Winter Light (Ingmar Bergman, 1963)

Winter Light
“If God does not exist, does it matter?”

Bergman has a reputation for making miserable films but I never really found “The Seventh Seal” at all miserable. It was about a loss of faith and about death, certainly, but there was a playfulness about it that leavened the philosophy. Here, though, Bergman’s reputation is well-earned. Tomas (Gunnar Björnstrand) is a widowed priest who no longer believes. He serves in a small and remote community and, as the film opens, is struggling with a viral infection that is making him more liable to honestly tell people what he really thinks about them, including his unwanted suitor, schoolteacher Marta (Ingrid Thulin) and a suicidal fisherman, Jonas (Max von Sydow).

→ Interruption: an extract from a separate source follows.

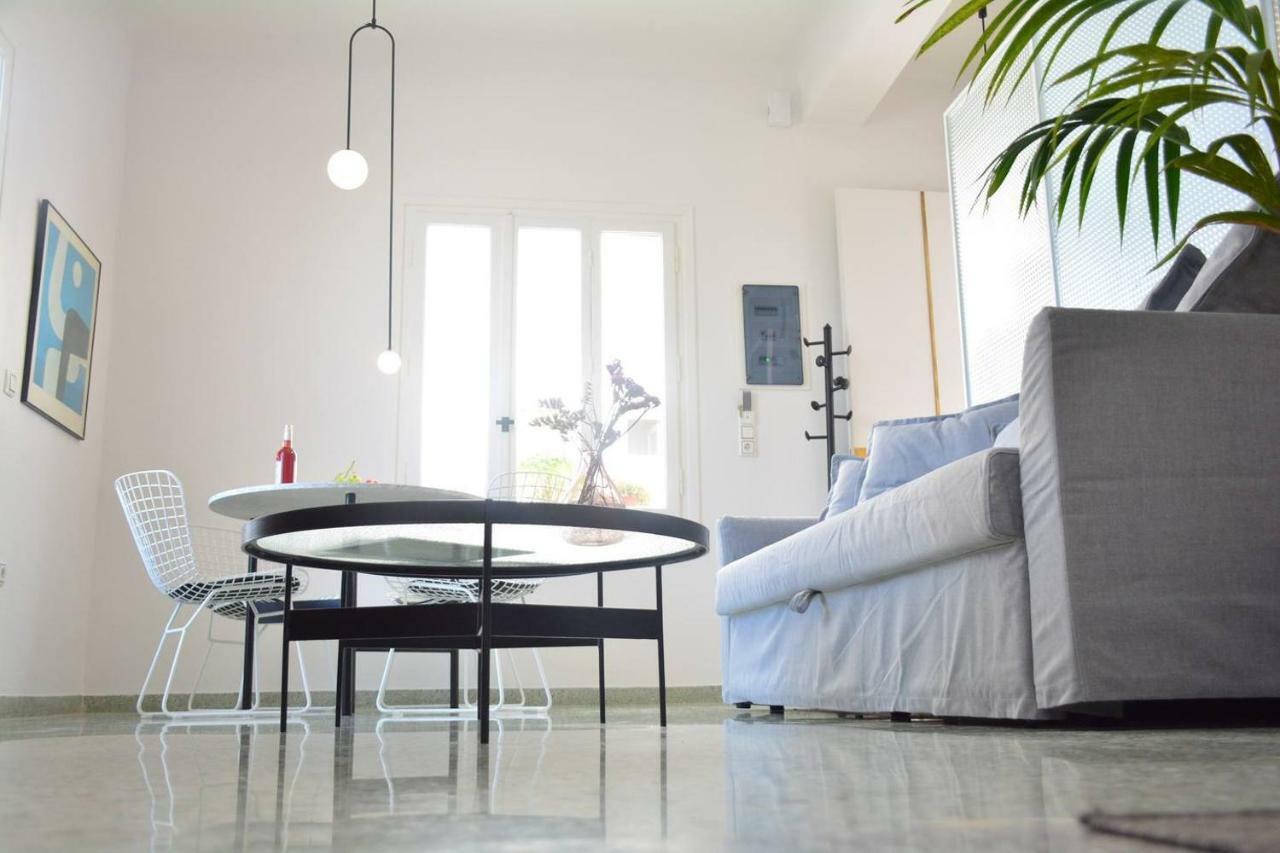 Deco Apartment レティムノ エクステリア 写真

Shot in black and white, this film has a clean, harsh look as the winter light of the title falls both on the snow outside and in the whitened churches in which Tomas officiates. Tomas is suffering and spreads his suffering around and there is little to suggest that, for him, there is any hope of joy now that he has lost both his adored wife and his (self-admittedly) selfish religion. This is the second in a trilogy and so perhaps I need to watch the other parts to get a more rounded sense of where this film sits but, as a standalone film, it was an interesting meditation on how christians cope with a post-Christian world.

For me as an agnostic (though pretty confident) atheist, the question of whether or not there is a god doesn’t matter any more, though it did once but it clearly did for Bergman, and for Tomas and it does have serious consequences for your world view. It just needn’t be so glum as Tomas finds it.